Something has been bothering me about data products. It’s the point at which the consumer of a data product immediately switches to also be a producer. We talk a lot about the binary roles of either consumer or producer when in reality the vast majority of people are both at the same time.
I know data product and data mesh purists may argue that data products are more formal and it should not be possible for someone to easily create a derivative set of data from original sources and call it a data product. There are some solid and valid points in that argument, but the problem is, we don’t live in a pristine world and my focus is meeting organizations where they are and designing a path forward.
Data Reality
Where are most organizations? I contend that most are at a point where their general population is becoming more capable and the pace and volume of their data use are skyrocketing. That plays out in many ways. For example, querying data, plopping it in a spreadsheet, manipulating it, and then immediately sharing it with colleagues. Replace query with ‘get it out of a BI report’, replace spreadsheet manipulation with ‘notebook’, and replace spreadsheet with a zillion tools. The point is that data product derivatives are being created constantly whether we like it or not and whether we approve of them as ‘official’ data products or not.

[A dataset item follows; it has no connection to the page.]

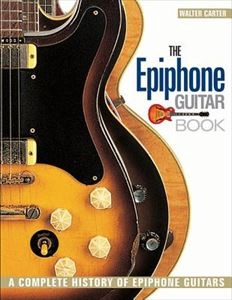 WALTER CARTER / EPIPHONE GUITAR BOOK: A COMPLETE HISTORY OF EPIPHONE GUITARS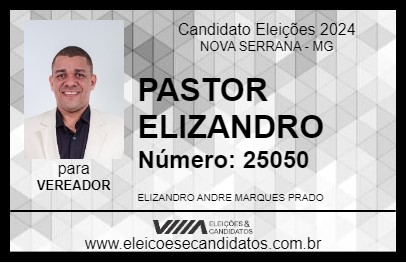 Candidato PASTOR ELIZANDRO 2024 - NOVA SERRANA - Eleições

If we are honest with ourselves, we will admit that this is part of a growing, unintentional data subculture. I define an unintentional data subculture as the organic and informal socialization and sharing of data knowledge across the organization. The subculture is not formally recognized or led.
Interestingly, it’s happening at the same time data and analytic leaders are trying to do the opposite and intentionally create a data culture. It’s not completely clear how to do that, but the data mesh approach, of decentralizing responsibility for data product creation to domains, is one way we can try to flip the script.

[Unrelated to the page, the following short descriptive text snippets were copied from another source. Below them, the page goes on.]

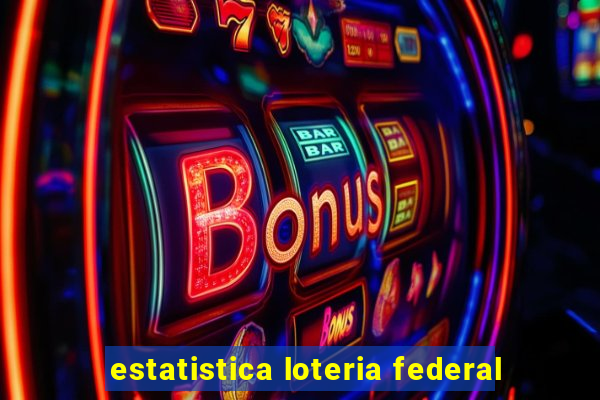 estatistica loteria federal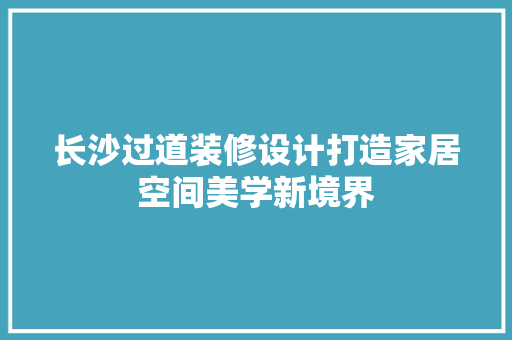 长沙过道装修设计打造家居空间美学新境界
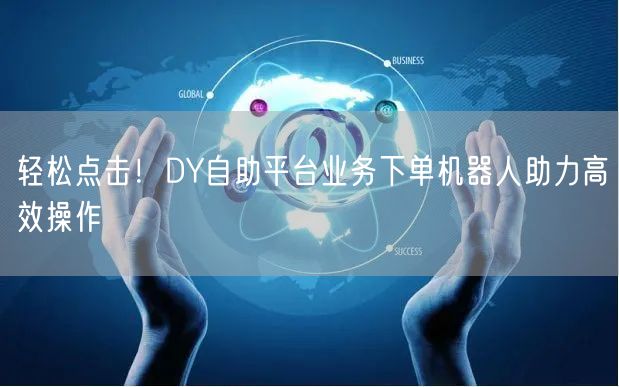 轻松点击！DY自助平台业务下单机器人助力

One of my goals is to be able to identify, empathize, and help different personas who are playing this dual role of producer and consumer in this subculture. In order to accomplish that, I first had to think more about how they interact with data.
Breaking it Down to the Basics
Often when I have a problem to solve, I revert to the basics we all learned in high school English. The who, what, why, when, and how.
For the problem of the data subculture and the dual role people play, I teased out the following:
Who = Personas/roles such as business manager, data scientist, data analyst, executive, etc.
What = Data and data-related assets personas produce and consume. The ‘what’ also includes the business process to which the data assets pertain.
Why = This is the business benefits and goal behind the creation of and use of specific data assets.
When = Frequency and lifecycle of asset creation and use.
How = This is the access, provisioning, tooling, deployment, and distribution of assets (both created and consumed).
Planting this seed of understanding, I believe we can start to identify the core processes and supporting tooling/platforms that accelerate people’s work. I see these as the backbone of a formal data culture.
Introduction to the Data Consumption & Production Cycle (DCPC©)
I readily admit that the definition above of the who, what, why, when, and how is abstract. In fact, after I stepped away from it for a few days and returned, I found myself confused about how I would use it in a practical way. What I decided I needed was to codify it as a detailed framework that would aid my thinking. I call the framework, the Data Consumption & Production Cycle (DCPC©).
DCPC© represents the stages that personas move through, either consciously or unconsciously, with data in order to get their work done.
Before I move into its definition, I do want to confess that I am the first to lose patience with the number of superfluous and self-serving frameworks we have in the data world. The last thing I wanted to do was pile on with something that was not adding value. So, I’ve checked myself numerous times.
Mostly I thought about existing asset lifecycle models and frameworks. Plenty of good ones exist for both physical and digital assets. Is DCPC© different from them or redundant?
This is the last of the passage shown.